Washington – US-supplied aircraft played a crucial role in enabling the Indonesian military to crush East Timorese resistance to its invasion and occupation of the territory in the late 1970s, according to a report by an East Timor commission.
The Indonesian offensives "resulted in the severe suffering and hardship to tens of thousands of civilians sheltering in the interior at the time," the report said.
Indonesia, fearing a leftist takeover in East Timor following the end of Portuguese colonial rule in 1975, invaded the territory in late 1976 and subsequently annexed it.
According to the report, the United States felt compelled to support Indonesia's military government. The support included that of the Carter administration (1977-1981), which had made protection of human rights a centerpiece of its foreign policy, the report noted.
Efforts to reach Richard Holbrooke, a former UN ambassador who served as the Carter administration's top official for East Asia, were unsuccessful.

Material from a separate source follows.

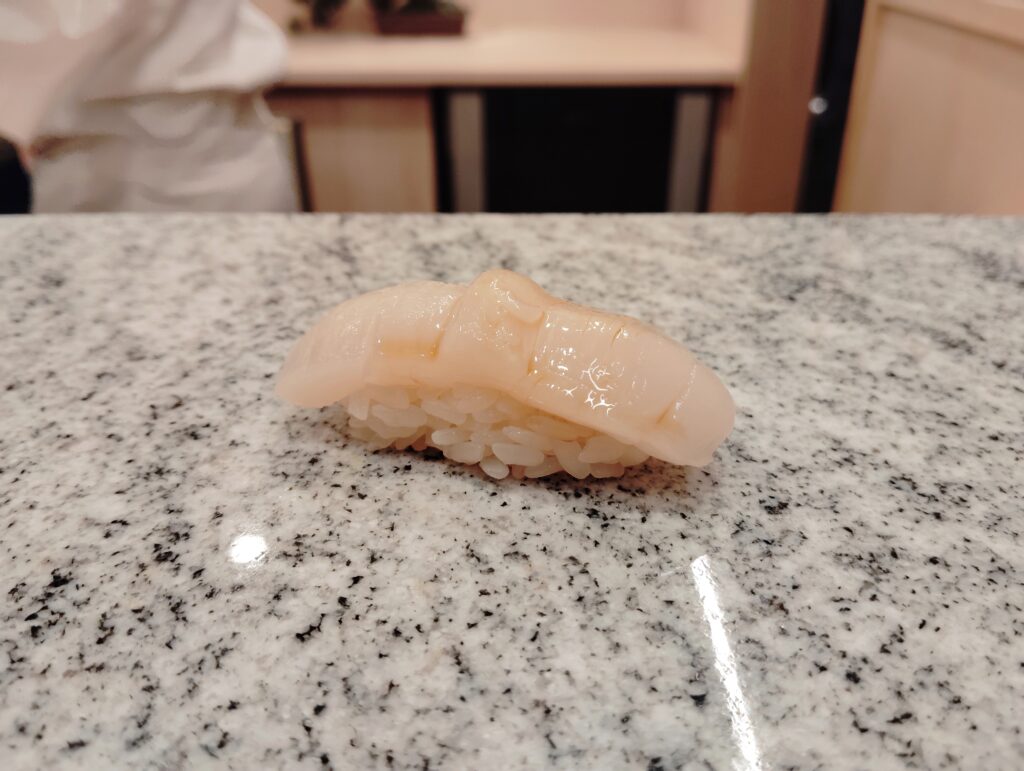 「東麻布 鮨 新進気鋭」のホタテ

Successive US administrations all consistently stressed "the overriding importance of the relationship with Indonesia and the supposed irreversibility of the Indonesian takeover," the report said.

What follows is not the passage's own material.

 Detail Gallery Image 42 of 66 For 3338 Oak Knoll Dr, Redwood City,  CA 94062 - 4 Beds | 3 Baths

In 1977, reports began to emerge from East Timor about Indonesia's use of US-supplied OV-10 Bronco aircraft amid claims that they may have been used for spraying chemical defoliants.
The US Embassy in Jakarta responded to questions from the US Congress on the subject by saying it had received "no reports that Indonesians have used chemical sprays in areas" aligned with the resistance movement.

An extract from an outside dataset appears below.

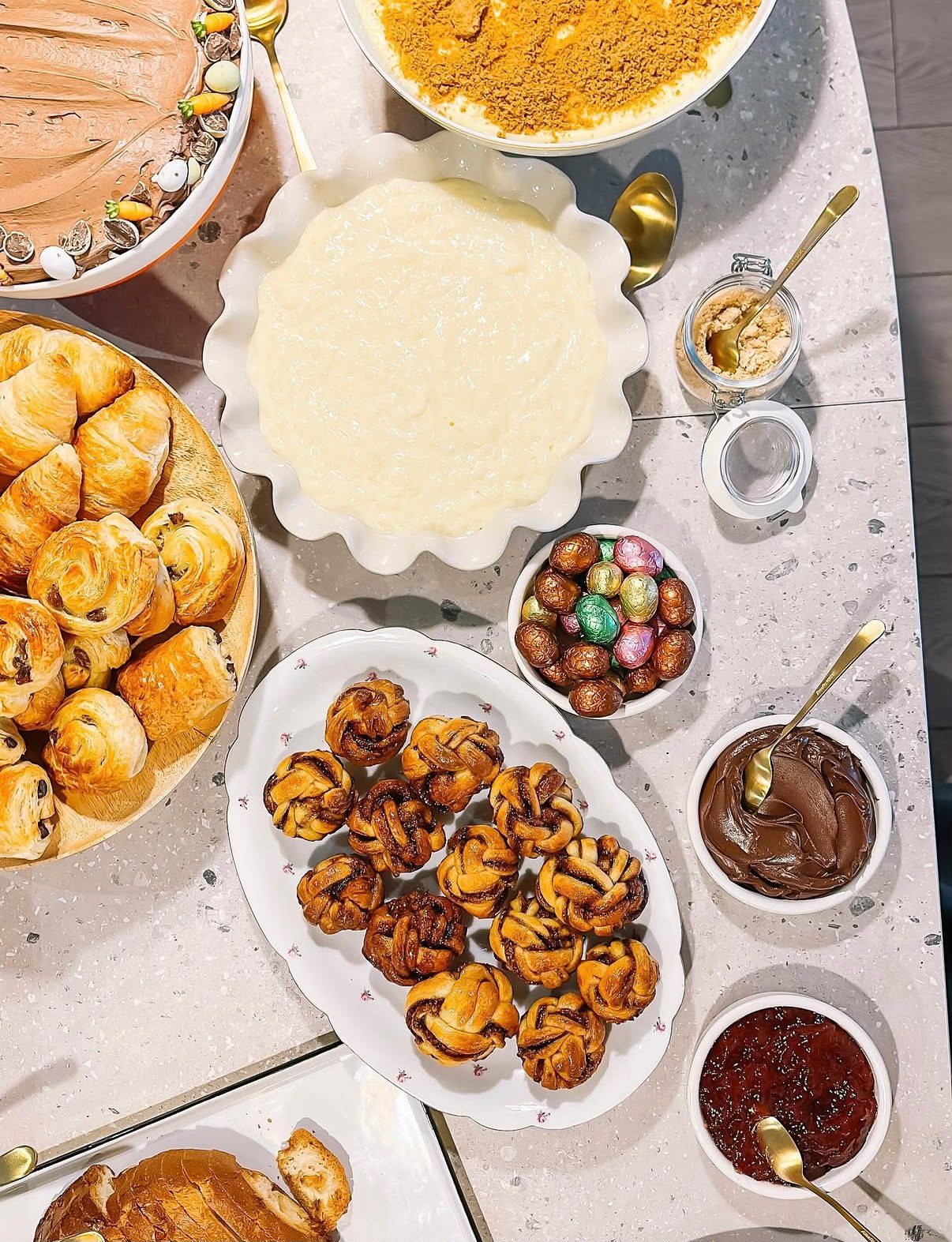 Rijkgevulde brunchtafel met koffiekoeken, rijstpap en taart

Indonesia's use of OV-10s in East Timor "has thus far been limited to machine guns, rockets, and perhaps bombs," said the recently declassified cable to the US State Department.
The report was prepared by East Timor's Commission for Reception, Truth and Reconciliation (CAVR). Copies were distributed by the Washington-based National Security Archive, a research institute on international affairs. In preparing the report, East Timorese officials received assistance from a number of foreign governments, including the United States, and international non-govenrmental organizations.
According to the study, US officials generally declined to acknowledge the culpability of the Indonesian military for the large number of fatalities in East Timor. "Instead," the report said, "they maintained that the deaths were due to drought, an argument that the commssion finds to have been without merit."
East Timor was granted independence from Indonesia in May 2002. The report noted that US President Bill Clinton in 1999 persuaded Indonesia to accept deployment of an international force on East Timor to help end "massive" rights violations in the territory committed by Indonesian forces and pro-Jakarta groups.
In so doing, Clinton demonstrated the "considerable leverage" that the United States could have exerted earlier had the will been there, the study said.